Thursday, July 08, 2010

...high cotton...

Summer has finally decided to turn up.

The last several days have been hot, mid to upper 90's, where my daughter jumped in my lap and caused me to post this prematurely. Sorry. Here's the rest of what I meant to post;

Anyway, it's damn hot. And to add to the entertainment, my usual commute home blew up Wednesday, trapping me and about 7-800 other commuters on northbound McLoughlin Blvd. as an old (as in 60-year-old) 12-inch water main deconstructed, flushing out the subgrade from under 1/8-mile of street.After a half-hour wait in the 90-degree heat I managed to turn around, find a local place to eat (and several hefeweitzens...), and after an was STILL a parking lot. Wednesday evening I left the office door at 5:05 and stepped through my own at 7:15. Yikes.

The kiddos have been sweethearts - having their Auntie Kathie here to give them a daycare break has helped. But we're going to need to pool time if this heat keeps up. Air conditioning and nonstop kidvid is NOT a good substitute for getting outdoors.

Oh. I should probably mention that it turns out that I have developed an intestinal ailment.

There are people whose nature it is to suffer from interesting and picturesque ailments. "Consumption". Now there was a disease. You wasted away delicately, fastidiously, Greta Garbo dying scenically in "Camille".

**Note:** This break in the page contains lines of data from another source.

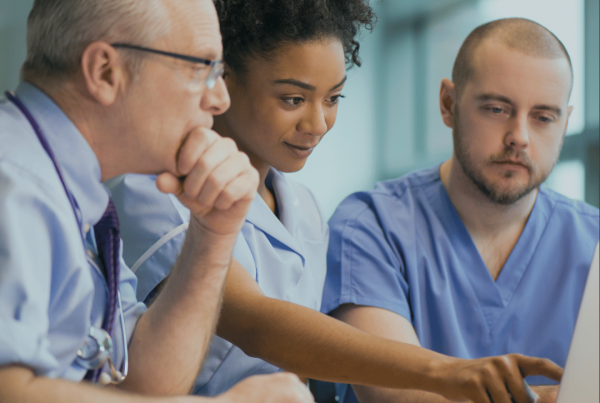 Three doctors look at a laptop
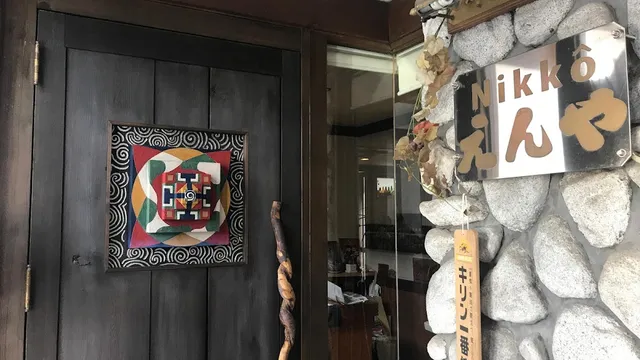 A dark wooden door with a colourful rug and a metal sign on a stone wall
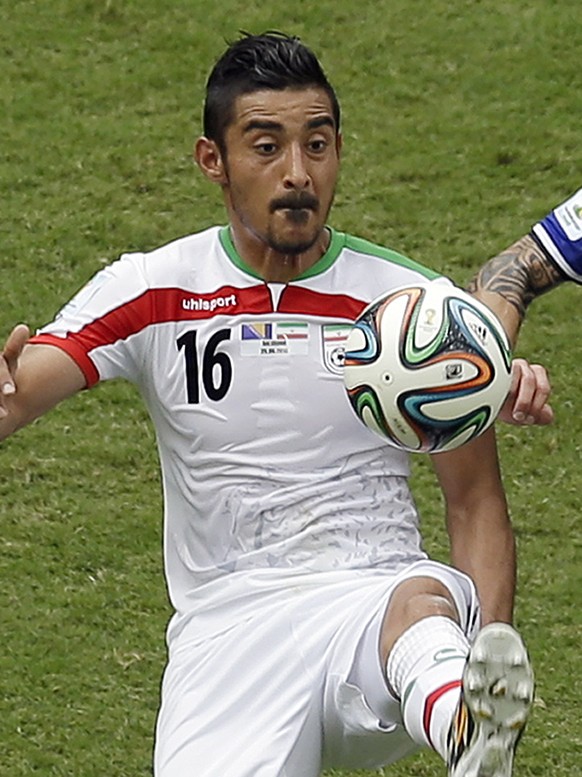 Iran forward Reza Ghoochannejhad, left, kicks the ball away from Bosnia defender Muhamed Besicduring the second half of a group F World Cup soccer match at the Arena Fonte Nova in Salvador, Brazil, We ...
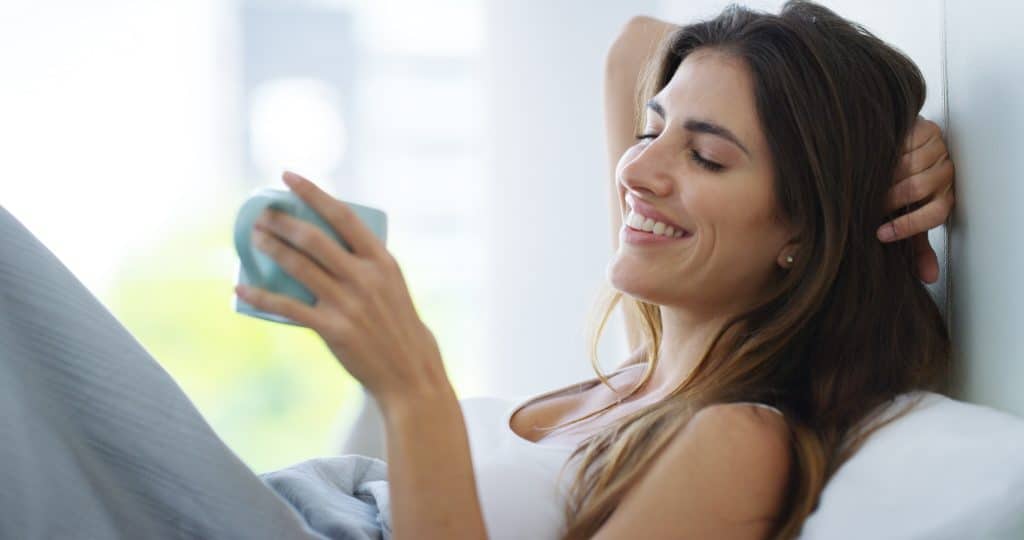 a women smiling lying on the sofa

Or leukemia. You could get somewhere with leukemia - hell, Campbell Scott dawdling grave-ward with leukemia managed to nail Julia Roberts in that perennial topic of Oscar-neglect, "Dying Young". Those are diseases a guy can make work.

But this one? Nope. This one will forever be associated with SNL's Joe Piscopo and Robin Duke moaning that they have diiiiverticuliiiitisssss...
Yes. I have diverticulitis.

The is just no fucking romance in that.

Aside from the lack of theatrically pale wasting away, I've been taking antibiotics for two weeks, which, if your internal workings weren't screwed up before is guarenteed to screw them up fairly thoroughly. And I have been living with the sensation of having a roughly hamster-sized object wedged in my lower gut, which is about as much fun as it sounds.

So living isn't exactly easy.

But I suspect that the fish are jumping in the Willamette, somewhere. But don't eat them; they're full of PCBs, lead, creosote, and fecal coliforms.

Welcome, summer.

Yes, it's very nice to see you, too.

We'd be good with a teensy little less...ummm...summeryness, though.



Barry said...


At which point the normal 364 days-per-year of rainy weather resumed, shattering FDChief into 1,000 pieces, due to the humidity shock.

FDChief said...

Naah. 4-year-old daughter.

Fixed it, tho. Tralala.

Ael said...

It's funny, I'm about as content as a man can be. However, I'm always wanting something different.

Lucky for me, my druthers often revolve around the weather

Lisa said...

Our infrastructure is showing more and more cracks these days. Sorry about the hot traffic snafu.

Thank you for sharing that SNL classic, which I'd never seen (though I'm afraid I know that couple.)

As for being romantically tetched, you could always take up the absinthe habit...

I'd recommend recovery, though, and I hope you're feeling much better soon, and in tall cotton yourself.